Also do not be afraid to start small. Several people warned me early on about something called "snob appeal" in this industry. In my opinion, it is not as prevalent as some think but it does exist. Do not let others make you feel bad for starting small. It can be a competitive industry, keep others negativity at a distance. Just remember as you grow in size and success to avoid becoming a snob yourself.
*On your own or under a wing: I have had a few people ask me if I ever wished I was not on my own. Working for yourself as opposed to working for a firm could be debated either way and it really depends on your personality. Are there times I wish I was under the umbrella of someone else? Yes. As a business owner e.v.e.r.y.t.h.i.n.g down to the Christmas cards is your responsibility (and money) and that can be overwhelming at times. However, for me, I am so, so thankful I have my own company. It is little moments that catch me off guard - a piece of mail addressed to MSI or seeing my name on a business card or letterhead that remind me I did this on my own. Even after a few years these small things still make me proud. My success is because of my hard work and those around me (especially Patrick and my family), not because of a company I work for or with. I hope this does not come off sounding pompous, trust me, it is not meant that way.

When people ask me about being on my own I always ask if they consider themselves to be entrepreneurs or not. It is important to know that before you go out on your own because it is hard and you have to really want it. There is a lot to be said for working with/for others. Some of the best Designers/Decorators in the world work for a firm. The pros of working in that type of environment are numerous and very valid. In general, I don't think one is preferable to another, it just depends on you and your situation. For me, I know I am where I am supposed to be.*Best part of the job: Every profession has some aspect that makes it worthwhile. For me, it is the clients and the ability to be creative. I love my clients, probably too much. This is a very personal field. You know their kids, dogs, quirks and the alarm code. I love that. When a client is thrilled with an installation or calls to say they love living in a space you created, it just doesn't get much better. These moments are why I do what I do and keep me going during the really bad days.
*Worst part of the job: I always have to laugh at this questions because depending on the day the answer varies. When I tell people I am a Decorator I sometimes see visions they have running through their minds - paint swatches, floating through fabric stores and hours spent shopping for fun. While paint swatches, fabric samples and shopping for clients are some aspects of the day-to-day job, it is actually much harder than I ever imagined. Regardless of the changing issues/problems (some worse than others), this job is worth it to me.
*School? Decorator vs. Designer: Without a doubt, I am asked the most about going to school and if it is necessary. Whew, this is a tough one and I can only offer one point of view. First, there is a difference between Designers and Decorators. It varies from state to state, but a general distinction is a degree in Design and passing the NCIDQ. I went back to school for Design for a year, but I left when I realized it was not necessary to pursue the career path I wanted to take. I have not taken (nor ever plan to take) the NCIDQ.

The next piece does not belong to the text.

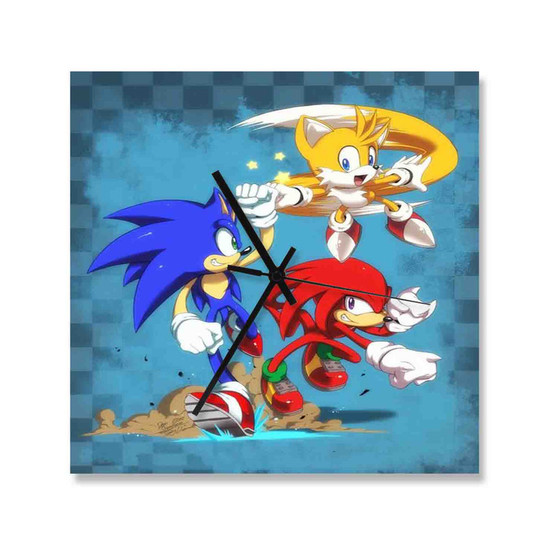 Team Sonic The Hedgehog Custom Wall Clock Square Wooden Silent Scaleless Black Pointers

I started with a Decorator who told me, "you either have it you don't" and I have found that to be true. There are certain things I can't do and I am fine with that. If I have a client who needs a Designer or an Architect to do something I am not capable of, I have no problems recommending them to someone else. However, just because I can't sign off on a plan does not mean that my opinion does not count. Personally, I have found that my clients don't care whether I am a Designer or Decorator. That is not meant to slight Designers. Design School is hard and I understand the NCIDQ is even harder. I have the utmost respect for Designers.

My advice would be that being a Designer is not the only way to be in this business but may be a good option for those interested in that path. School does not guarantee success/talent and lack of school does not mean you can't be great in this industry.All Images Above Marianne Strong Interiors

I always appreciate e-mails asking about business even it takes me forever to get back to you (sorry to those of you reading who know this first hand). I hope this has helped a little.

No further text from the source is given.